WNJN-FM
- Atlantic City, New Jersey; United States;
- Frequency: 89.7 MHz
- Branding: WHYY

Programming
- Format: Public radio
- Affiliations: NPR; Public Radio Exchange; American Public Media;

Ownership
- Owner: WHYY, Inc.

History
- First air date: May 1997
- Call sign meaning: New Jersey Network (former owner)

Technical information
- Licensing authority: FCC
- Facility ID: 48483
- Class: A
- ERP: 25 watts horizontal; 6,000 watts vertical;
- HAAT: 83 m (272 ft) horizontal; 84 m (276 ft);
- Transmitter coordinates: 39°27′40.4″N 74°41′4.5″W﻿ / ﻿39.461222°N 74.684583°W

Links
- Public license information: Public file; LMS;
- Webcast: Listen live
- Website: whyy.org

= WNJN-FM =

Public radio station in New Jersey

WNJN-FM (89.7 FM) is a radio station licensed to Atlantic City, New Jersey. The station is owned by WHYY, Inc., and simulcasts the public radio news and talk programming of WHYY-FM in Philadelphia, Pennsylvania.

==History==

The station was formerly owned and operated by the New Jersey Network (NJN). NJN's radio network began operation May 20, 1991, when WNJT-FM in Trenton signed on. Eight other stations would be established over the following seventeen years.

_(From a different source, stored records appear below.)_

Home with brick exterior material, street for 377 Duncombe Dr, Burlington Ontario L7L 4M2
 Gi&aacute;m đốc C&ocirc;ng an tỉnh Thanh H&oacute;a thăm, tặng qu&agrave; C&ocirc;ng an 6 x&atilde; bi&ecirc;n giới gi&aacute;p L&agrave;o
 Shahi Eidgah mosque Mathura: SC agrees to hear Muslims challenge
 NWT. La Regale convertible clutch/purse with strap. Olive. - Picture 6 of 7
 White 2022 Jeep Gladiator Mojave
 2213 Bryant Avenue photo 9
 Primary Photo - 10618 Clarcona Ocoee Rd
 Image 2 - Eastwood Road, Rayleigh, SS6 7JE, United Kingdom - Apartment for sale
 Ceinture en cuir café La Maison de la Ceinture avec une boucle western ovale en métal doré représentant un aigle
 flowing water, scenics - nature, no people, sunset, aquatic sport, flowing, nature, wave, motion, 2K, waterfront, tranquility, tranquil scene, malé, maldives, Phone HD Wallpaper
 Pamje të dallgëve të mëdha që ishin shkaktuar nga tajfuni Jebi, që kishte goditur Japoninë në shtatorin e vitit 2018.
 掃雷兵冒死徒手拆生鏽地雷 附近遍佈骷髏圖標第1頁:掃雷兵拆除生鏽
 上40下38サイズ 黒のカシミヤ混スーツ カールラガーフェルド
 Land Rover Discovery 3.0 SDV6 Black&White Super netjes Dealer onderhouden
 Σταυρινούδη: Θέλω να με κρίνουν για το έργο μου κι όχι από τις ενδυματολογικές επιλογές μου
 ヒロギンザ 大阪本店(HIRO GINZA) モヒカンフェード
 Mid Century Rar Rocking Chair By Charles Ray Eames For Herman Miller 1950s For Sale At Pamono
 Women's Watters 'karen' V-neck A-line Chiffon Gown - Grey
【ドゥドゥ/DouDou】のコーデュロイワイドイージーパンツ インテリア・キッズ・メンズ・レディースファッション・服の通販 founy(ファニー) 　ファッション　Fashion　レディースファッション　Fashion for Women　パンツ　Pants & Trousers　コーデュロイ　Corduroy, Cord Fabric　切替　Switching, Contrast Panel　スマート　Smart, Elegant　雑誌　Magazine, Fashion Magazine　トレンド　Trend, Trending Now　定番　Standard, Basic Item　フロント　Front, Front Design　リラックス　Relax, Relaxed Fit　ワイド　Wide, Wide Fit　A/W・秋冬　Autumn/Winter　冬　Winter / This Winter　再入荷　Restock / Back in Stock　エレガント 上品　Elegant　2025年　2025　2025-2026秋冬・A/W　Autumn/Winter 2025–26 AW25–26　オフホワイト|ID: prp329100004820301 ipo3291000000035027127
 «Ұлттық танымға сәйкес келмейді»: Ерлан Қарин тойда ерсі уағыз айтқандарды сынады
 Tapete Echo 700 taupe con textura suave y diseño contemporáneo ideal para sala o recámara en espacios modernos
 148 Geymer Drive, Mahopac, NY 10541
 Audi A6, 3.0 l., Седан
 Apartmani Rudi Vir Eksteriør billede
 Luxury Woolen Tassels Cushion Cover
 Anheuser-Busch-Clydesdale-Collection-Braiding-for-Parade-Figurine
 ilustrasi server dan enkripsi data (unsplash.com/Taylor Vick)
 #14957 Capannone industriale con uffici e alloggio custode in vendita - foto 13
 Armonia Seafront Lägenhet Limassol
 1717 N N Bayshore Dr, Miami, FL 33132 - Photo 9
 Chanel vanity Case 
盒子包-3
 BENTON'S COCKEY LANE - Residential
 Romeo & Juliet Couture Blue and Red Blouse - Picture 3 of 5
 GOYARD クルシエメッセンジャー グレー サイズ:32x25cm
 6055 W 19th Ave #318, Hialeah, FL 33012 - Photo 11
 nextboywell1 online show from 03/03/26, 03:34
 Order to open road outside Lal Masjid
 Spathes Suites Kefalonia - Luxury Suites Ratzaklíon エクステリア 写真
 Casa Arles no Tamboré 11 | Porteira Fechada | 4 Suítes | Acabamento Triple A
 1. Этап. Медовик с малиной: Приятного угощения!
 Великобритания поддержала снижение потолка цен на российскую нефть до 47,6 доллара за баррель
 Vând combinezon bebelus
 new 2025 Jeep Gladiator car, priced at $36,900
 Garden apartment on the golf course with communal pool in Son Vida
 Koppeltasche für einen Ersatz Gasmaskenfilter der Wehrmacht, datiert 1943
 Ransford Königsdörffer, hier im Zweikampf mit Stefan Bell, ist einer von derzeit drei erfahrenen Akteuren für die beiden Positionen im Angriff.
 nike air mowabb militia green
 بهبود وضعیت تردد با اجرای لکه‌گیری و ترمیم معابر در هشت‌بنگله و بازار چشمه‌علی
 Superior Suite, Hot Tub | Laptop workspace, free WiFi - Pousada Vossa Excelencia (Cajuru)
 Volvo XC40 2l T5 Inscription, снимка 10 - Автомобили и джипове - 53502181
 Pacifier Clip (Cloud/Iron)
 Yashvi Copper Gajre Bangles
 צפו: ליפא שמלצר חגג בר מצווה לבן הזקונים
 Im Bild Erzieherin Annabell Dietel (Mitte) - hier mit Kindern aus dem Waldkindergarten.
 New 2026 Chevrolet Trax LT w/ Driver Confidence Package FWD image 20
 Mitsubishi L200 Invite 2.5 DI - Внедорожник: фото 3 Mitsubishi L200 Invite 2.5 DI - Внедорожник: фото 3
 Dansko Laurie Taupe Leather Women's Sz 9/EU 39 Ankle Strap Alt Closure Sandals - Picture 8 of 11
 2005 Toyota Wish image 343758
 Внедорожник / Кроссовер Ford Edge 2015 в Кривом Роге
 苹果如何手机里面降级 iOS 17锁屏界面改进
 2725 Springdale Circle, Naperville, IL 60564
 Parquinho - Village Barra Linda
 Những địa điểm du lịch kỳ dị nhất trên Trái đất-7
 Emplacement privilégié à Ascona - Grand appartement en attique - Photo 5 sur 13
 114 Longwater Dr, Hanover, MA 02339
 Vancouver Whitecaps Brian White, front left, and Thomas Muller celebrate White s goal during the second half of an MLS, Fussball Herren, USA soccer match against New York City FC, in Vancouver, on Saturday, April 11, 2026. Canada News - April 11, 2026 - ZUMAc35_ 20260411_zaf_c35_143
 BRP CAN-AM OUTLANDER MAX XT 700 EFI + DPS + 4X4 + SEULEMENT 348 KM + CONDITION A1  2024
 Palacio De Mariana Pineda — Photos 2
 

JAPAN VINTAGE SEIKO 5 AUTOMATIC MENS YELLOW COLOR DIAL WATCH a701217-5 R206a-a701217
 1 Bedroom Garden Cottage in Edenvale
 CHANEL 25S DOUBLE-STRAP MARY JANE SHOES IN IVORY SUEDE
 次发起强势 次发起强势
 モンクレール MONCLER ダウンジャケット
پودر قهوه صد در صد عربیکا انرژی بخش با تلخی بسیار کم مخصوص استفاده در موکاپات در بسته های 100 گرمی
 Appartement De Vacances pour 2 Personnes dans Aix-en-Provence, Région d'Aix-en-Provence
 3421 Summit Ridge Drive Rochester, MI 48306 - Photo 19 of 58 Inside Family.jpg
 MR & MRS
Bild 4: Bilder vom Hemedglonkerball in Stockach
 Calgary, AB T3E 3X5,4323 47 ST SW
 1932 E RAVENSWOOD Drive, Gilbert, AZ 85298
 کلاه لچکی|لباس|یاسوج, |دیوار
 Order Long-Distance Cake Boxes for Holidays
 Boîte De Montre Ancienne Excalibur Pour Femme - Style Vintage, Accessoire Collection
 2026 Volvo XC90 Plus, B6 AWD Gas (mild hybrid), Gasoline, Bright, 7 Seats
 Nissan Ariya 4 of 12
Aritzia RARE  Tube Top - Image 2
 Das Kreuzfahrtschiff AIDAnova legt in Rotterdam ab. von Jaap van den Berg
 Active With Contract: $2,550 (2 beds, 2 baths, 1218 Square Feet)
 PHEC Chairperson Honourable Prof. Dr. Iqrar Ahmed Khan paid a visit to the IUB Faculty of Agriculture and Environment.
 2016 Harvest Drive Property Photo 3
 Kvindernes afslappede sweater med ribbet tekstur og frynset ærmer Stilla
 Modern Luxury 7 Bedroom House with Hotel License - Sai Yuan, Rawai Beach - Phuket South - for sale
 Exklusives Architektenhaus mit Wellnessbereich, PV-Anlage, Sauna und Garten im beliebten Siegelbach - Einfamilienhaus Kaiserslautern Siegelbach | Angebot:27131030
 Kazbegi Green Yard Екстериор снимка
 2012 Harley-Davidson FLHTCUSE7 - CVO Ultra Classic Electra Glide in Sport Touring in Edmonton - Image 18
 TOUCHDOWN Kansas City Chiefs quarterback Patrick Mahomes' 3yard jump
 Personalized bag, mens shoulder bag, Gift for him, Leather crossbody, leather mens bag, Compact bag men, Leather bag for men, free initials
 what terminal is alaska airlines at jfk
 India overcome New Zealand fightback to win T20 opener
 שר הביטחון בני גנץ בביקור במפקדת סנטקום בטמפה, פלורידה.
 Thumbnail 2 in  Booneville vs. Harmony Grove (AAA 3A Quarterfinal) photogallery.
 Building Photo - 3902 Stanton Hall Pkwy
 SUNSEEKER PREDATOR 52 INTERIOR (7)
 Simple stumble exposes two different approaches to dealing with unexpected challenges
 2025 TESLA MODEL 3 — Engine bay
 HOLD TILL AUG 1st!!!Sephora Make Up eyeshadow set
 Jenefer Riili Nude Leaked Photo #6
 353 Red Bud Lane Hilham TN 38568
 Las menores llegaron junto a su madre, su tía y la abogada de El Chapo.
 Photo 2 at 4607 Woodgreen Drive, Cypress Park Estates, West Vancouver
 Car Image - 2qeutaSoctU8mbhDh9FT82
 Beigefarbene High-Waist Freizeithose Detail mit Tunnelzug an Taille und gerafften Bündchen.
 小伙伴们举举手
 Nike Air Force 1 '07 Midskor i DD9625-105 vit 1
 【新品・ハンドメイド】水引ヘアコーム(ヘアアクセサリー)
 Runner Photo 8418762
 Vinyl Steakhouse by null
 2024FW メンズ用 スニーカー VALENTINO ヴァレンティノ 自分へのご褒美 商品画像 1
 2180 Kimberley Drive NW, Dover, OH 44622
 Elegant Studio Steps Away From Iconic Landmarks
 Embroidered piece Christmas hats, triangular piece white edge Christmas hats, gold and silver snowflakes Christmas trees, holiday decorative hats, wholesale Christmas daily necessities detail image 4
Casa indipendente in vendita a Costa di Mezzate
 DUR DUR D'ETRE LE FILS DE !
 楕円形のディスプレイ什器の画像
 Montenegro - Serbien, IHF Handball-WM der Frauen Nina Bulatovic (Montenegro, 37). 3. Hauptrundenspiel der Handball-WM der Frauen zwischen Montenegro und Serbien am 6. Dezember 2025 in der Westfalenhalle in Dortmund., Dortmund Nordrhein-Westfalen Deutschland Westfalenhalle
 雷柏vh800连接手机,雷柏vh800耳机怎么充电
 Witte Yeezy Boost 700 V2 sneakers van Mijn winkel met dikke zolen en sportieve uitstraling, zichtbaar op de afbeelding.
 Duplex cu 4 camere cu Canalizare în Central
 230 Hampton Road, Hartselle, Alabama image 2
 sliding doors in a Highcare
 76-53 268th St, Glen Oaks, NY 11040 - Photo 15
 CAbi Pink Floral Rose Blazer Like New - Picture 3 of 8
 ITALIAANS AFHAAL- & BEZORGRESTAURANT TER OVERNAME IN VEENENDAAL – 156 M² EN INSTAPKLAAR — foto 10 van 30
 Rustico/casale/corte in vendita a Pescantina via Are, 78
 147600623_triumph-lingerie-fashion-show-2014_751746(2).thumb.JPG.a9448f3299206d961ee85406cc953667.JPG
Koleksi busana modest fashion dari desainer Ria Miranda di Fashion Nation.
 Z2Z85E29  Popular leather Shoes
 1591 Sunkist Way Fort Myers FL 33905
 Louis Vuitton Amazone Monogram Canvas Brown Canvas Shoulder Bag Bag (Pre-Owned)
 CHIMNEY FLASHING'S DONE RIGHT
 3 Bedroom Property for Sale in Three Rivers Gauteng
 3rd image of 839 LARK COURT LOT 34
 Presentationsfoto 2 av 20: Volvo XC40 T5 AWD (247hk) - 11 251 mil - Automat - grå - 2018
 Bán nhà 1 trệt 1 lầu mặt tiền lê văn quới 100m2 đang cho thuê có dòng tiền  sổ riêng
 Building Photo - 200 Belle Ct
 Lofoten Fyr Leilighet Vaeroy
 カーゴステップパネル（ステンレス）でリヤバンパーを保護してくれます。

On June 6, 2011, the New Jersey Public Broadcasting Authority agreed to sell five FM stations in southern New Jersey to WHYY. The transaction was announced by Governor Chris Christie, as part of his long-term goal to end State-subsidized public broadcasting. WHYY assumed control of the stations through a management agreement on July 1, 2011, pending Federal Communications Commission (FCC) approval for the acquisition; at that point, the stations began to carry the WHYY-FM schedule.